(Pictures with short captions)
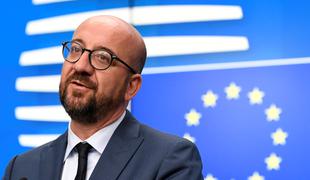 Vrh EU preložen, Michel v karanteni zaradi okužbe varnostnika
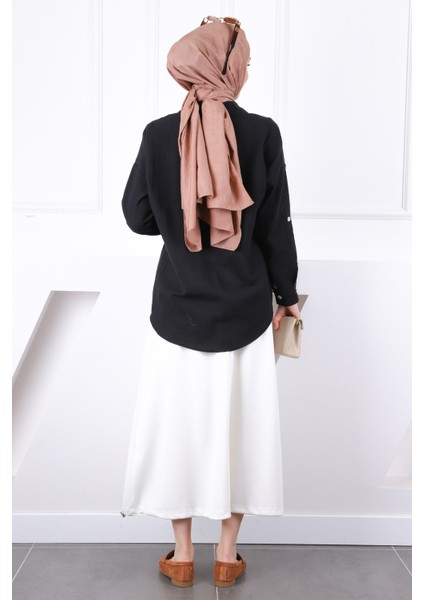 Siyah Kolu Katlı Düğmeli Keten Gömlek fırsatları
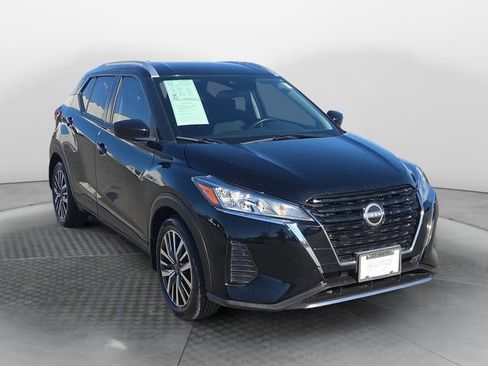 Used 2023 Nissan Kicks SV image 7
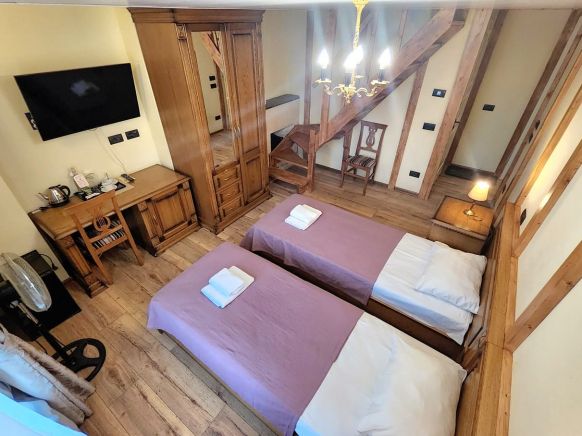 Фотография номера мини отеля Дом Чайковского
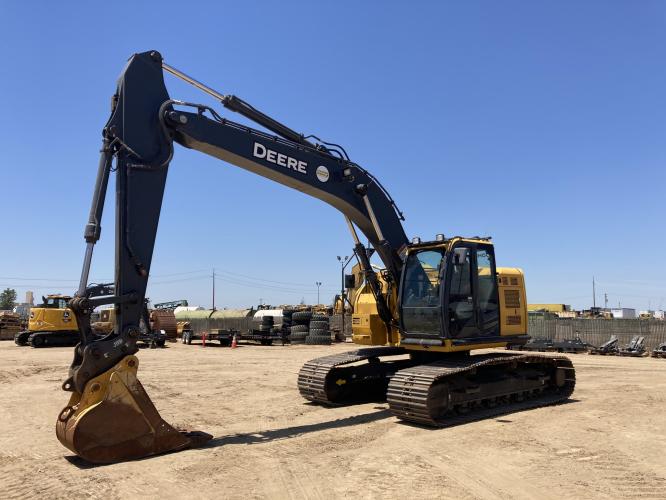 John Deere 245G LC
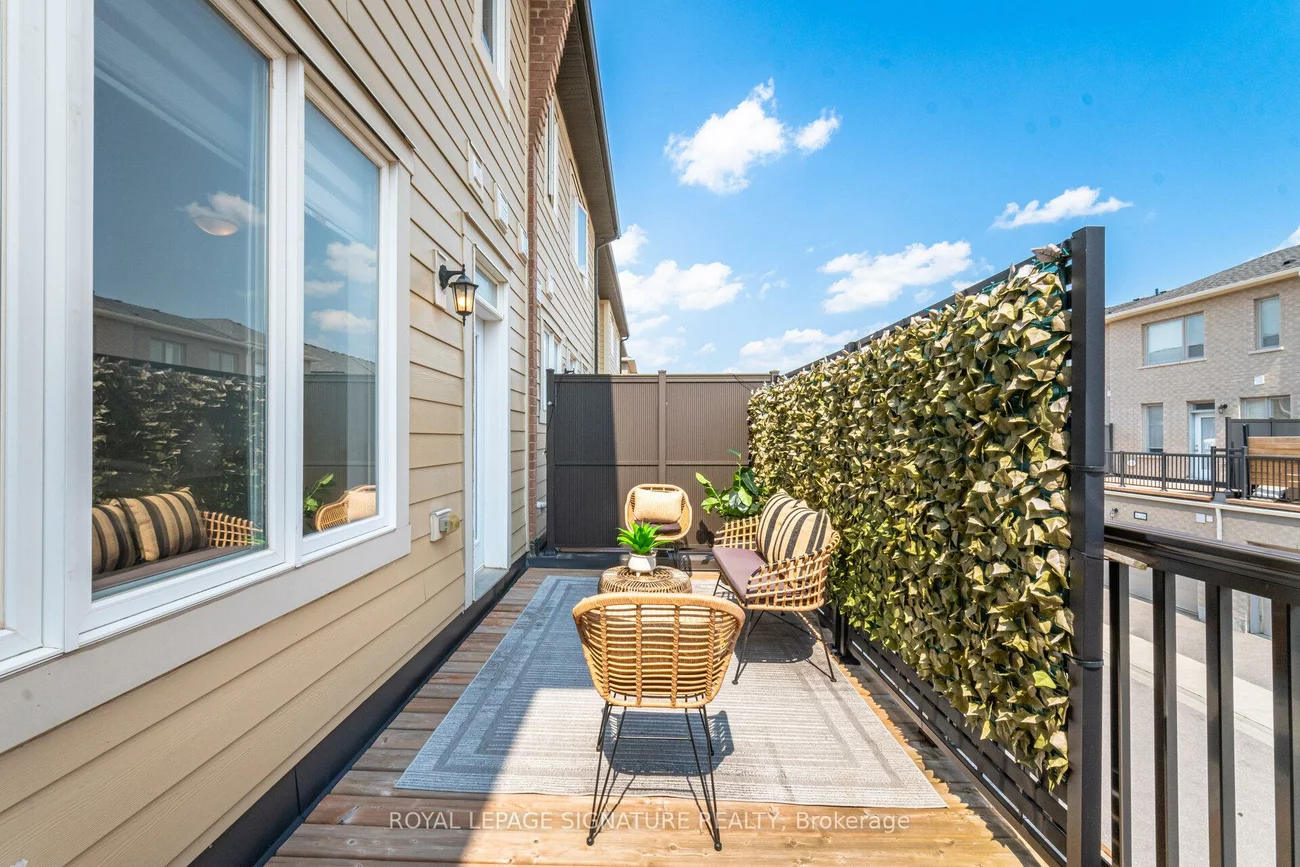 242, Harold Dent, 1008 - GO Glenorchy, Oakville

● The problem
Please copy the data above exactly, omitting the pictures.

● Result
 Vrh EU preložen, Michel v karanteni zaradi okužbe varnostnika
 Siyah Kolu Katlı Düğmeli Keten Gömlek fırsatları
 Used 2023 Nissan Kicks SV image 7
 Фотография номера мини отеля Дом Чайковского
 John Deere 245G LC
 242, Harold Dent, 1008 - GO Glenorchy, Oakville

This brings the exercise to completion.